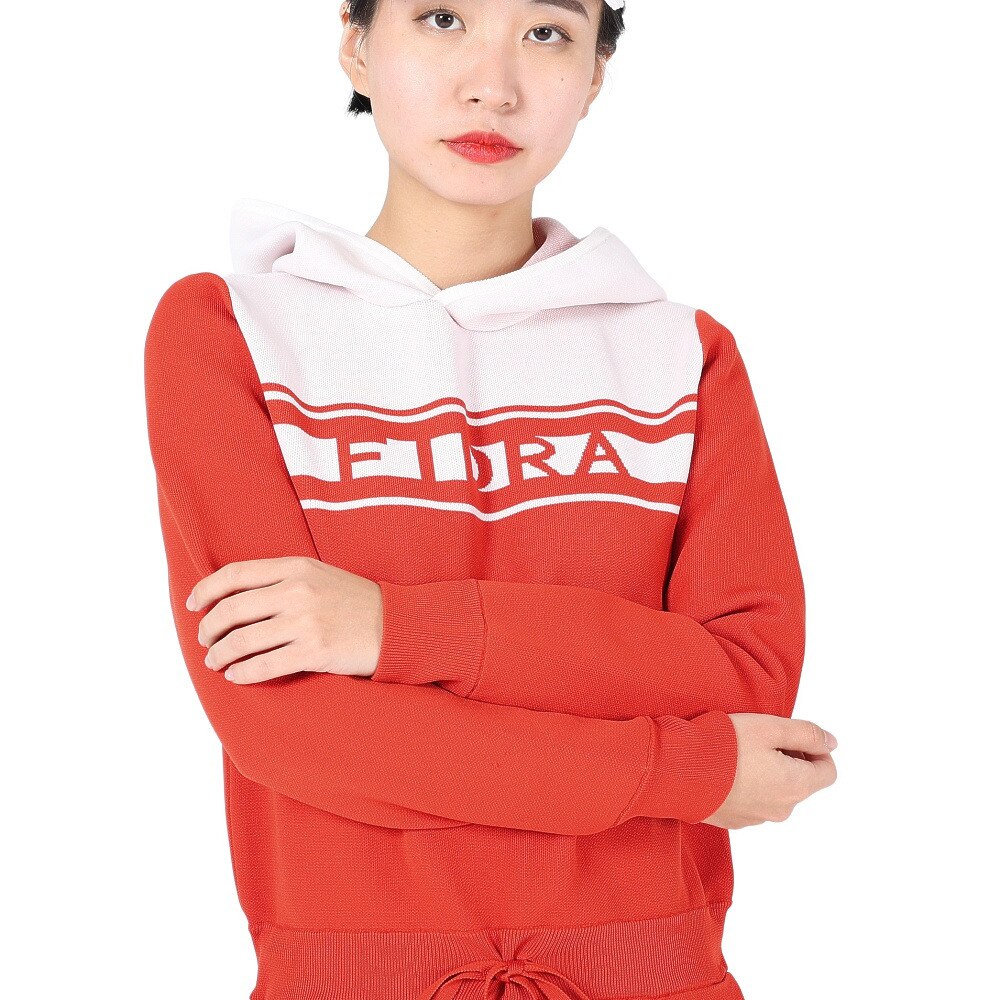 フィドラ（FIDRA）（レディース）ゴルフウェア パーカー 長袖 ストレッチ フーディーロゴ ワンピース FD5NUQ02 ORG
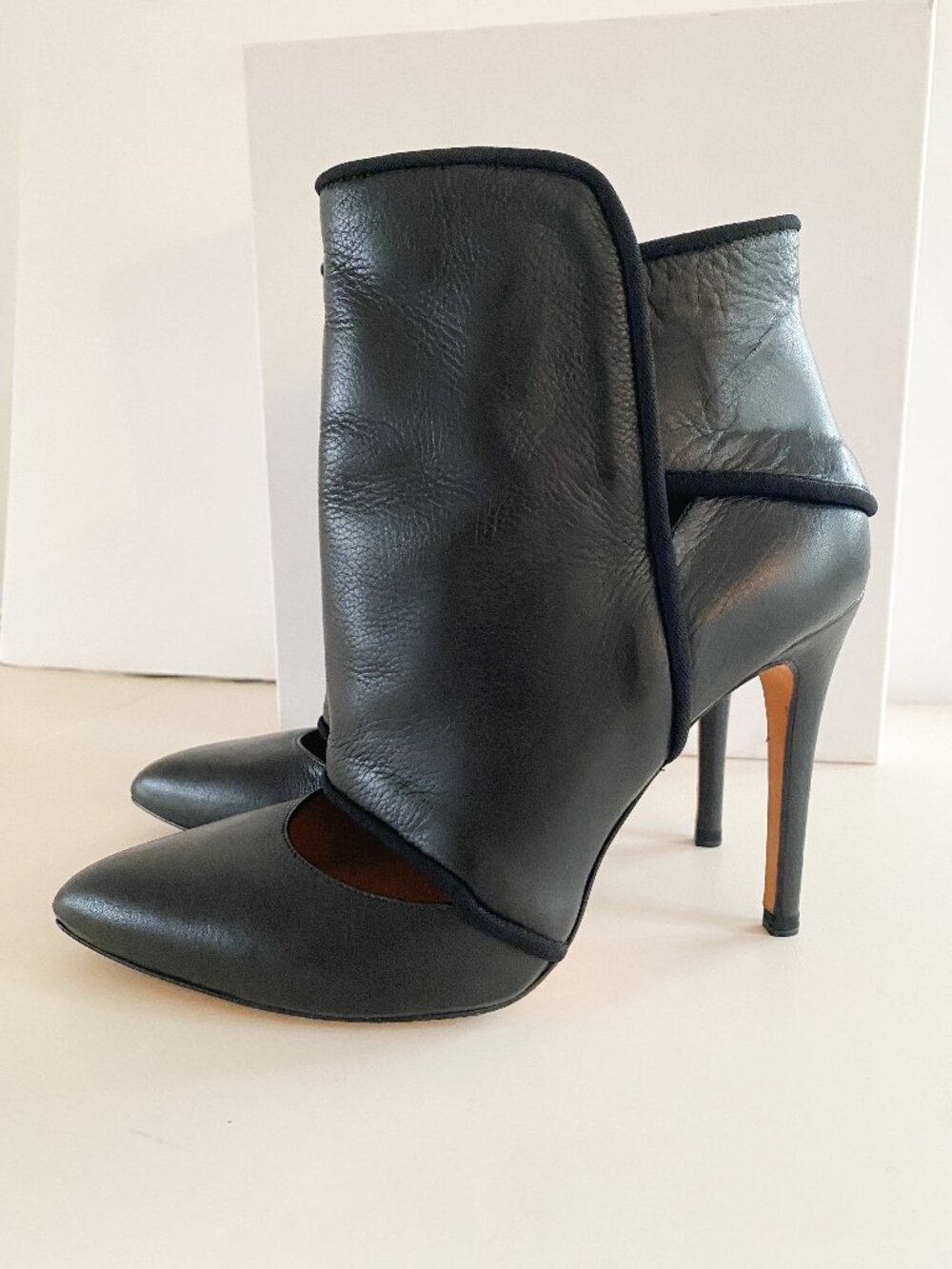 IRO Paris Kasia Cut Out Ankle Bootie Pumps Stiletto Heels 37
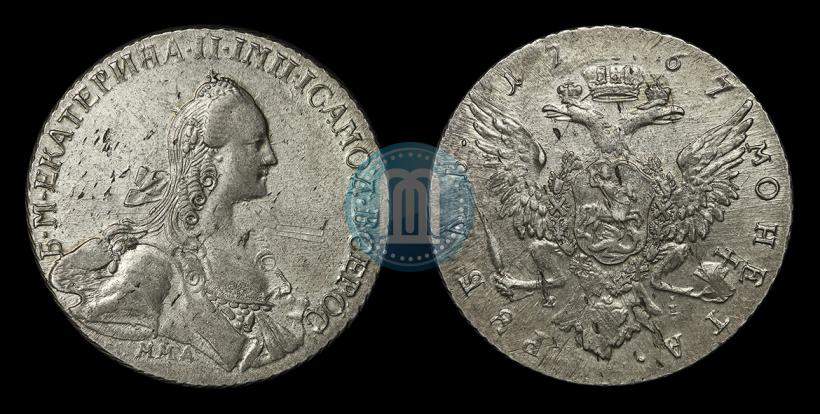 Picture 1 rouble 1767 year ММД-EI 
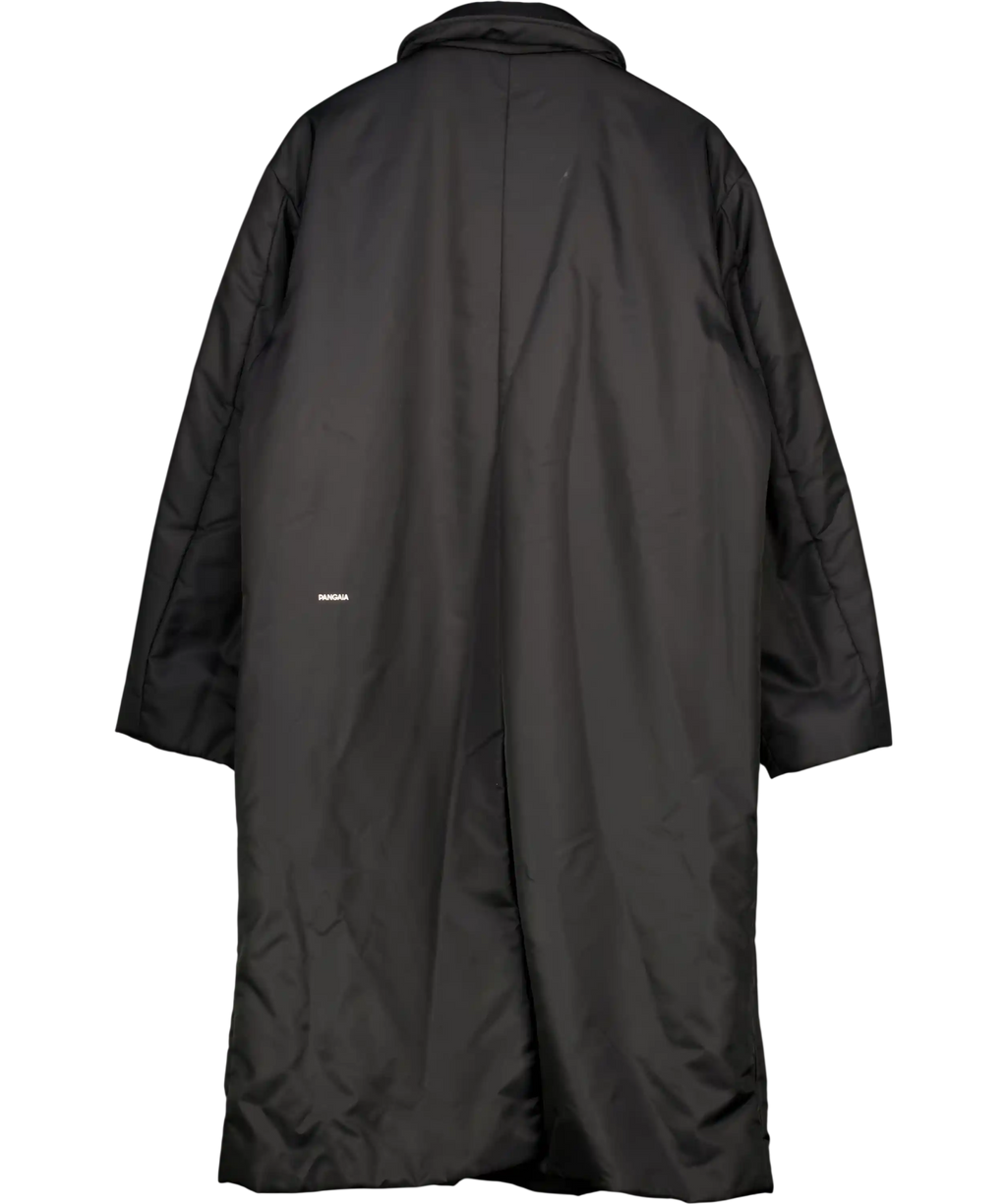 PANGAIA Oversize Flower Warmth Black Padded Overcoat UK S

==

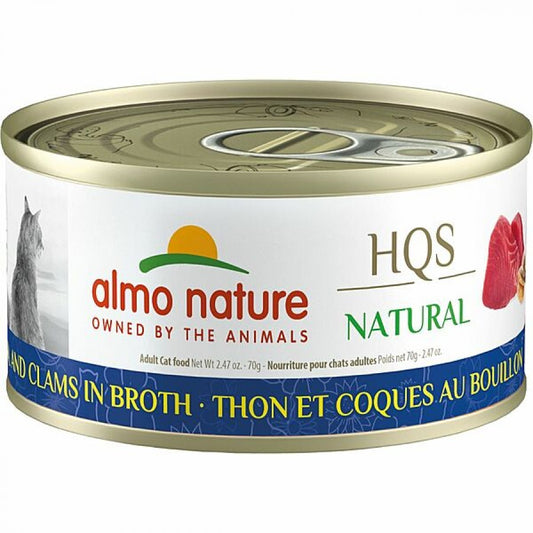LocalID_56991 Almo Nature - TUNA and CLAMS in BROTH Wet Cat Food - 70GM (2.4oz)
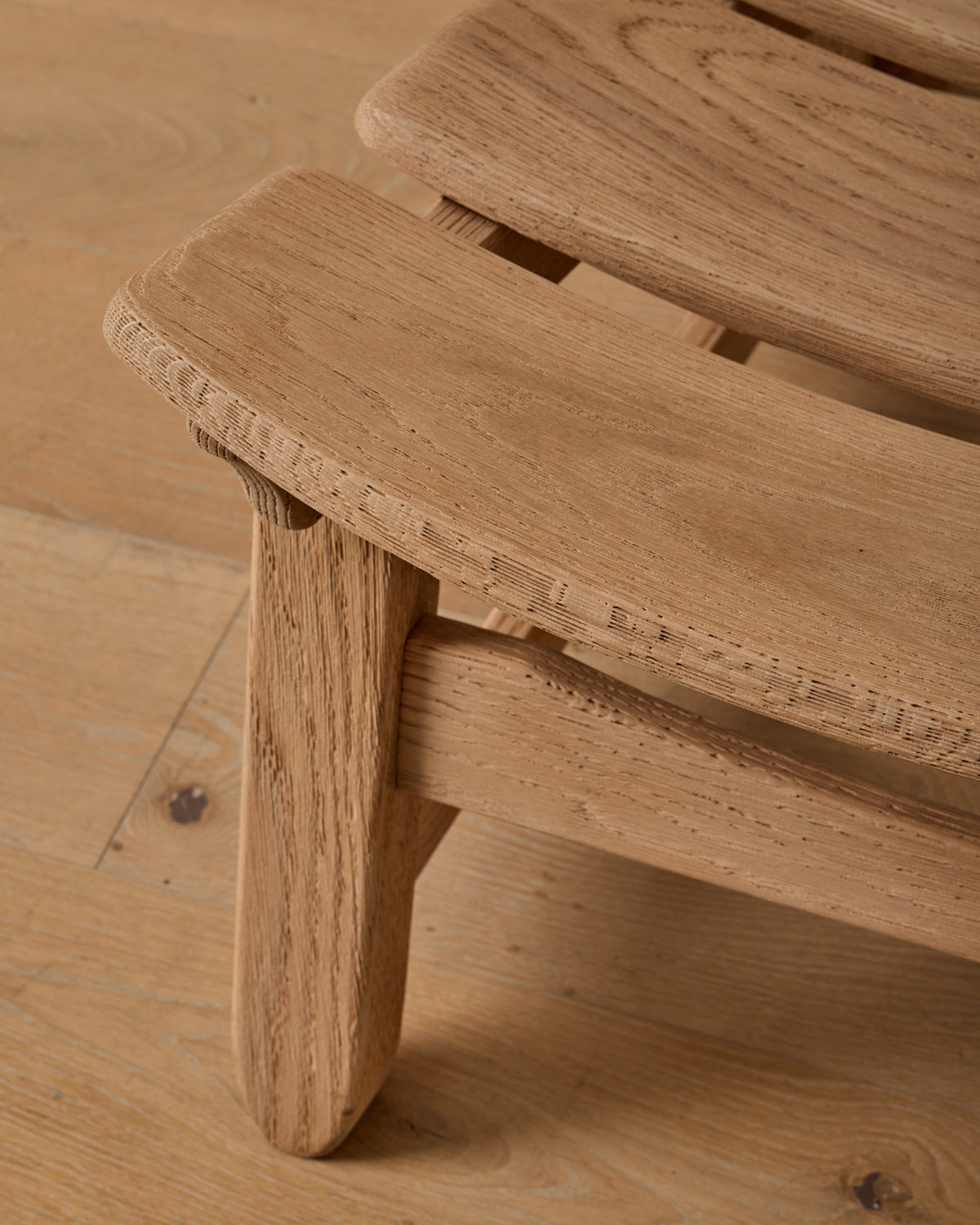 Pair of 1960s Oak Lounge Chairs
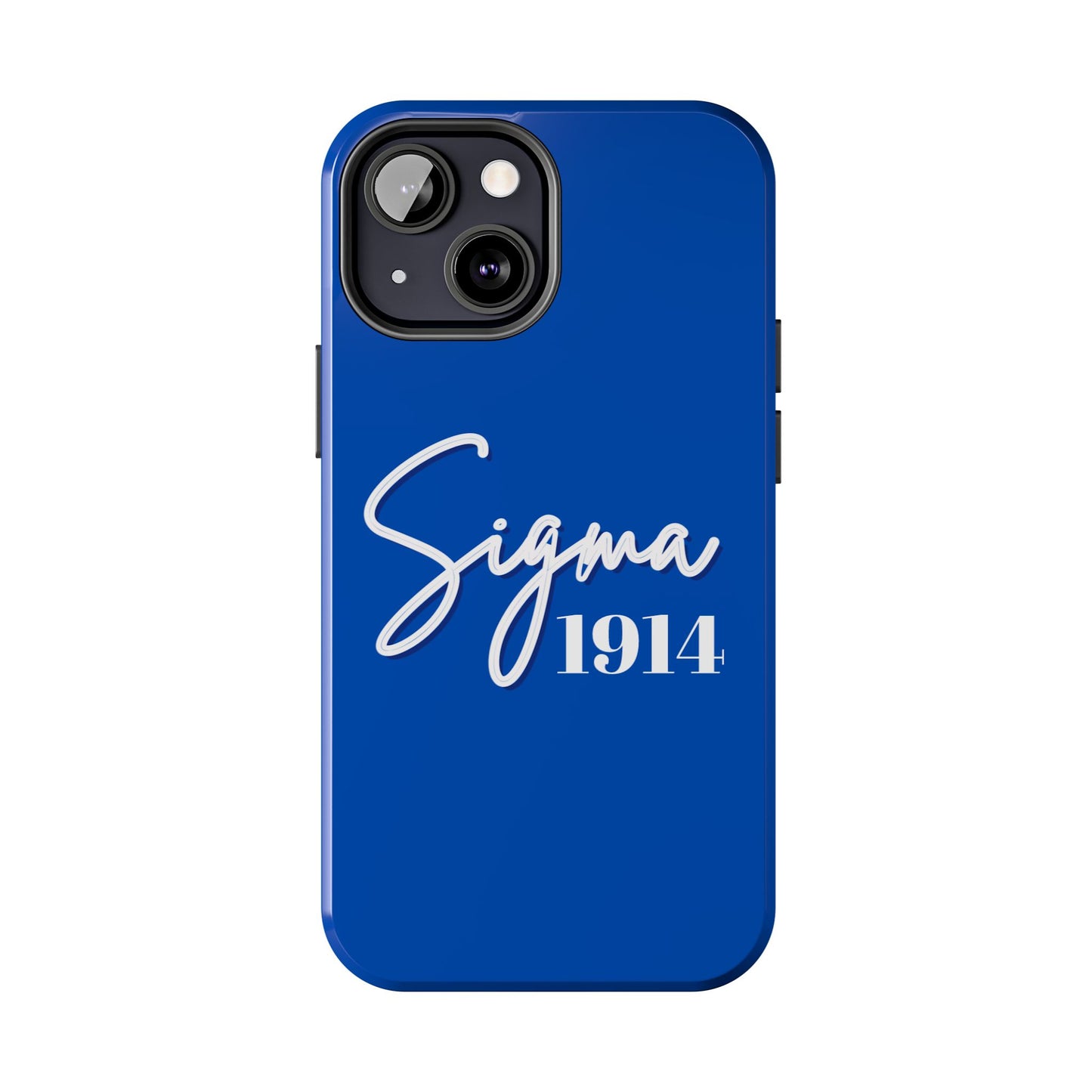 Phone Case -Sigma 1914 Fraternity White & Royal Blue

> [Your objective]:
For this exercise, transcribe exactly the part of the records above that opens with the line containing "LocalID_56991 Almo Nature" and closes with the one containing "Phone Case -Sigma". Pictures are not part of the copy.

> [Your response]:
LocalID_56991 Almo Nature - TUNA and CLAMS in BROTH Wet Cat Food - 70GM (2.4oz)
 Pair of 1960s Oak Lounge Chairs
 Phone Case -Sigma 1914 Fraternity White & Royal Blue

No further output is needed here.